Micaela Colley from Organic Seed Alliance will join Huber on the Farm Walk, demonstrating the benefits of on-farm seed production. A Seed Saving workshop will follow during which participants will discover how to harvest seeds this fall.

Carrot seed crop.
Carrot seed crop. Click image for a high resolution version.
Scott Chichester evaluating fennel.
Scott Chichester evaluating fennel. Click image for a high resolution version.

“Learning seed growing skills allows us to preserve our favorite varieties while adapting them to our local climates. It also provides the independence to manage this vital resource ensuring the availability of varieties we need and value for our farms and gardens,” said Colley.

Nash Huber recently received the 2008 Steward of the Land Award from American Farmland Trust. He and his wife Patty McManus were noted for their leadership and efforts in environmental stewardship and farmland protection.

Nash Huber (middle rear) and his team.
Nash Huber (middle rear) and his team. Click image for a high resolution version.

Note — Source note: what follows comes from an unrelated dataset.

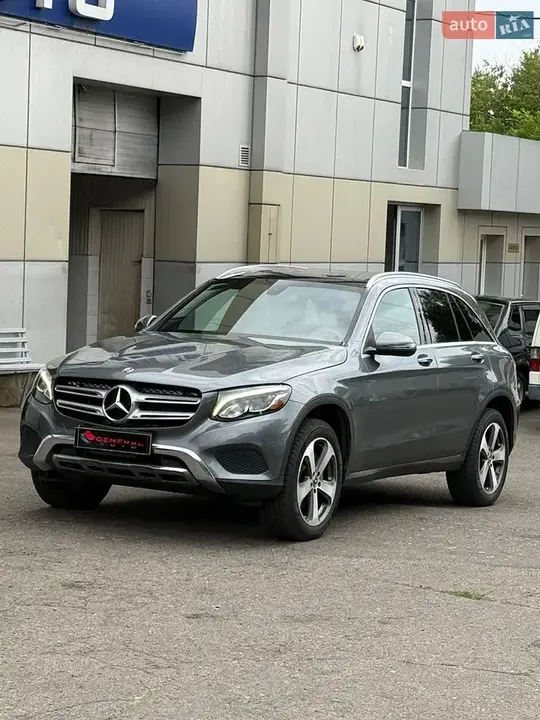 Mercedes-Benz Glc 2018 photo 4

The Farm Walk, a farmer-to-farmer learning experience, organized as part of an ongoing series by Washington State University and Tilth Producers, allows time for questions and answers at an advanced level, as well as an opportunity for farmers to share their practices and the logic behind them. Community members are welcome.

The Farm Walk is Monday, Sept. 8 from 9:30 a.m. to noon. The Seed Saving Workshop will be from 1 – 4 p.m. The address is 1865 East Anderson Road in Sequim. The cost for the Farm Walk is $10 for Tilth Producers members and $15 for non-members. The afternoon class is also $10 for Tilth members and $15 for non-members. Register on-site or pre-register by mailing a check to Tilth Producers, PO Box 85056, Seattle, WA 98145. Brown bag lunch recommended. Beverages provided.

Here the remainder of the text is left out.